Brief descriptive captions:
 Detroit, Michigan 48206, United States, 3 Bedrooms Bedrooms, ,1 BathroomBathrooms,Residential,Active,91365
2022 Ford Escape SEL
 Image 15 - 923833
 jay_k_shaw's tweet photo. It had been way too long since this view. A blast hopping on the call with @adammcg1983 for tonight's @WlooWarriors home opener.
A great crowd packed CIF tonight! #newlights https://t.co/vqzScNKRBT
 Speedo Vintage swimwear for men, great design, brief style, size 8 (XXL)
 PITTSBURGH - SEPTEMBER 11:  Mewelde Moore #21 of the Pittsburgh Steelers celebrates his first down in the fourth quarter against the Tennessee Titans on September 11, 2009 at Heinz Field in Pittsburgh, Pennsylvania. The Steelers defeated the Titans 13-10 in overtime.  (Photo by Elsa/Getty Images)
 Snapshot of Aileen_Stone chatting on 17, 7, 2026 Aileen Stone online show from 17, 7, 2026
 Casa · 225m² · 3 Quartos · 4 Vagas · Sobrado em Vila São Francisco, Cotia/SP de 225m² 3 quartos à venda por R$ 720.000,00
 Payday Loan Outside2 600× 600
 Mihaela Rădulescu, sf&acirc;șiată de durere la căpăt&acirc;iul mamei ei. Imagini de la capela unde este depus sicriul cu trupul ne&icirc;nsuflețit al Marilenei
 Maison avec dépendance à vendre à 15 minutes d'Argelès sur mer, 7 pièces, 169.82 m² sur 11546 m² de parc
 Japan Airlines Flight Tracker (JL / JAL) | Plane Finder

Assignment:
Using the entries above, copy exactly the lines from the one containing "Payday Loan Outside2 600× 600" through the last, both included.

Reply:
 Payday Loan Outside2 600× 600
 Mihaela Rădulescu, sf&acirc;șiată de durere la căpăt&acirc;iul mamei ei. Imagini de la capela unde este depus sicriul cu trupul ne&icirc;nsuflețit al Marilenei
 Maison avec dépendance à vendre à 15 minutes d'Argelès sur mer, 7 pièces, 169.82 m² sur 11546 m² de parc
 Japan Airlines Flight Tracker (JL / JAL) | Plane Finder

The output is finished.